*** SUPPLIED MATERIAL Section Begins ***
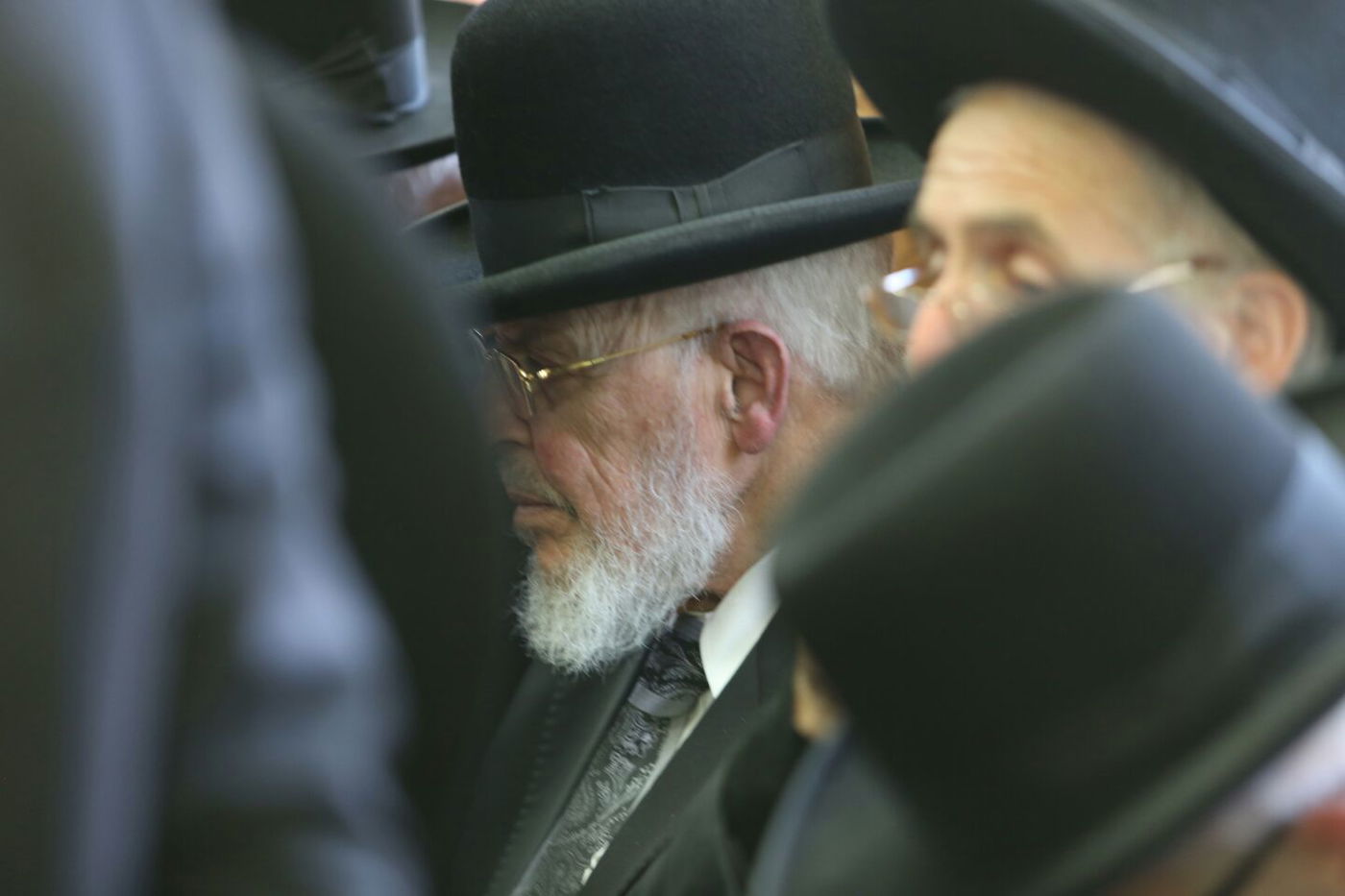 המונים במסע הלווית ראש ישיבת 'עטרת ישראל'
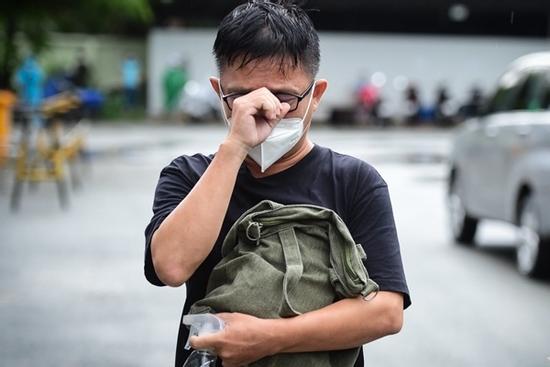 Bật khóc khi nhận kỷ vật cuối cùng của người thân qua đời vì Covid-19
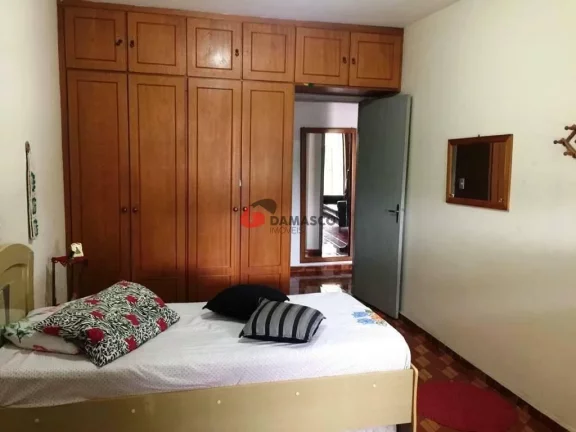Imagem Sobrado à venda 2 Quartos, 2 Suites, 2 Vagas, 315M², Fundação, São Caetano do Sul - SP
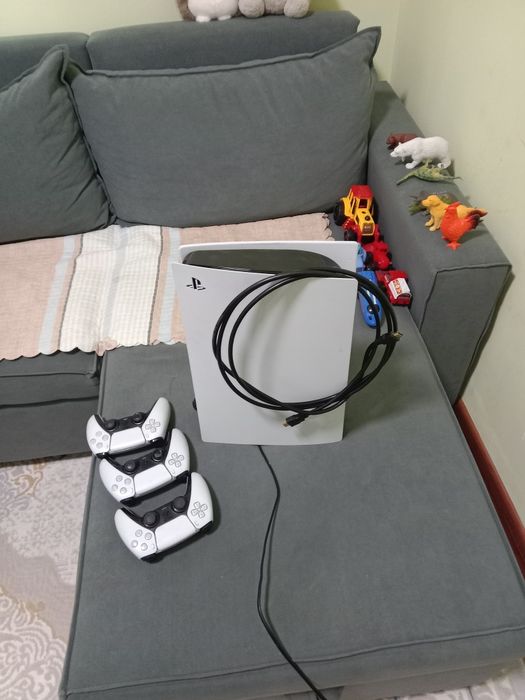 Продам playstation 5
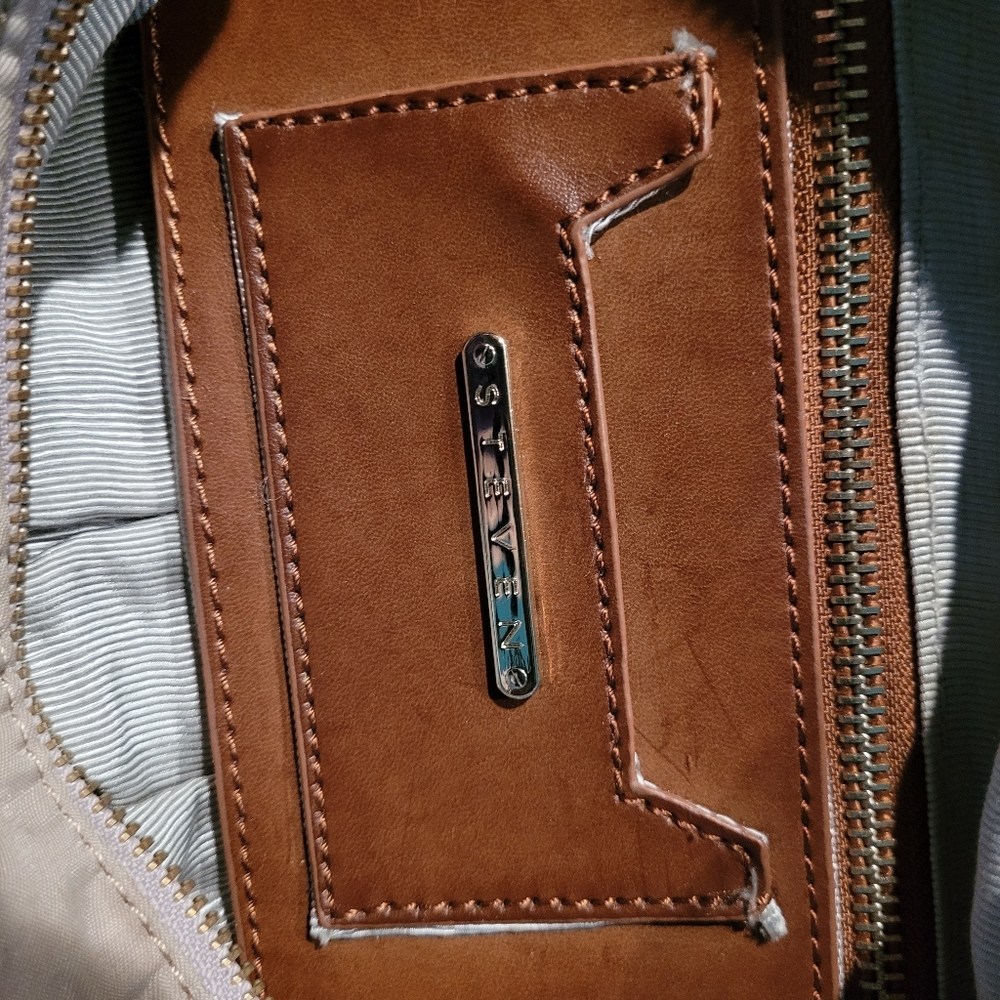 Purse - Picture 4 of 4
*** SUPPLIED MATERIAL Section Ends ***
*** SUPPLIED MATERIAL Section Begins ***
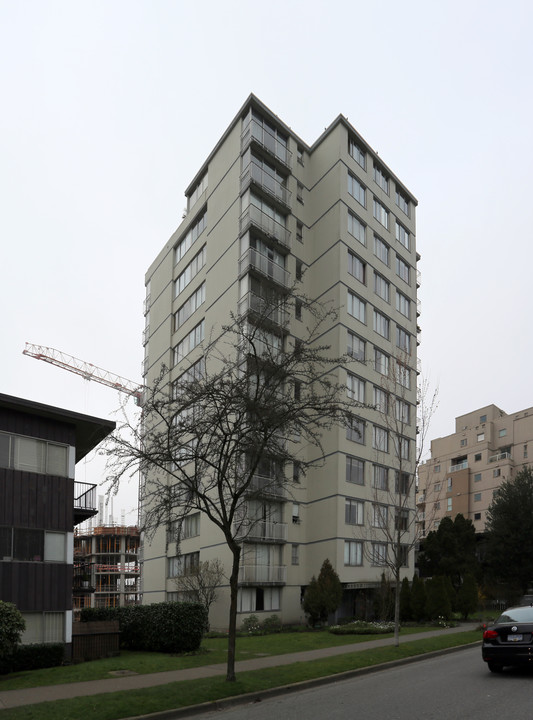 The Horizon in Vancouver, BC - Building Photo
*** SUPPLIED MATERIAL Section Ends ***
### WORK TO COMPLETE:
Leave the pictures out. Output, exactly, the lines of the material above starting at the line containing "המונים במסע הלווית ראש ישיבת 'עטרת ישראל'" and ending at the line containing "Purse - Picture 4 of 4".

### EXERCISE SOLUTION:
 המונים במסע הלווית ראש ישיבת 'עטרת ישראל'
 Bật khóc khi nhận kỷ vật cuối cùng của người thân qua đời vì Covid-19
Imagem Sobrado à venda 2 Quartos, 2 Suites, 2 Vagas, 315M², Fundação, São Caetano do Sul - SP
 Продам playstation 5
 Purse - Picture 4 of 4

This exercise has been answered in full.